About this task: Your answer should be the line containing "The image shows" and every line after it to the end of the records below, word for word.

[Saved data entries]
──────
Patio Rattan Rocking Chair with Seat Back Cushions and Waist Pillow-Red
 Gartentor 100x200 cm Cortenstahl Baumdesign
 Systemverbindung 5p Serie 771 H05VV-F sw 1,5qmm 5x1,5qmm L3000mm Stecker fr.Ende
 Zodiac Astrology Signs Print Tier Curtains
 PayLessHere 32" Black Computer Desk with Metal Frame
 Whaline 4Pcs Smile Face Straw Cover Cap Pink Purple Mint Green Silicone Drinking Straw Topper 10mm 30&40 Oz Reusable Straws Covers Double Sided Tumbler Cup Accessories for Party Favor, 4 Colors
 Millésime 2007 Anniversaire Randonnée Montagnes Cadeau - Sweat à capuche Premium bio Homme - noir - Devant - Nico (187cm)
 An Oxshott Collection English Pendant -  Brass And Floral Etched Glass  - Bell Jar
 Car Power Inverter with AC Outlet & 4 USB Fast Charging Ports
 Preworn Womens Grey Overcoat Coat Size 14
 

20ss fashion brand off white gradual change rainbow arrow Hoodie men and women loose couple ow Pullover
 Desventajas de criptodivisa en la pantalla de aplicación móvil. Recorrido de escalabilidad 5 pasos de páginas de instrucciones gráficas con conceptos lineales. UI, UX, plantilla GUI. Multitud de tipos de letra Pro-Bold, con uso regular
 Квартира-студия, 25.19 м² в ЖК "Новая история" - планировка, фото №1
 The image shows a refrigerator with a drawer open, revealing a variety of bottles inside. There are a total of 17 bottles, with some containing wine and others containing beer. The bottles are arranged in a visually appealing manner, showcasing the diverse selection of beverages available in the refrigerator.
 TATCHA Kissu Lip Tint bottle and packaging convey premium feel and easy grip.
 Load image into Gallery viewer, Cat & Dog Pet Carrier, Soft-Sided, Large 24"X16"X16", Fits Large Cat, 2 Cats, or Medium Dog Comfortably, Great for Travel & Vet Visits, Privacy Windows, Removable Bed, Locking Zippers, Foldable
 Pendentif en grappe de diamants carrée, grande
──────
Output below:
 The image shows a refrigerator with a drawer open, revealing a variety of bottles inside. There are a total of 17 bottles, with some containing wine and others containing beer. The bottles are arranged in a visually appealing manner, showcasing the diverse selection of beverages available in the refrigerator.
 TATCHA Kissu Lip Tint bottle and packaging convey premium feel and easy grip.
 Load image into Gallery viewer, Cat & Dog Pet Carrier, Soft-Sided, Large 24"X16"X16", Fits Large Cat, 2 Cats, or Medium Dog Comfortably, Great for Travel & Vet Visits, Privacy Windows, Removable Bed, Locking Zippers, Foldable
 Pendentif en grappe de diamants carrée, grande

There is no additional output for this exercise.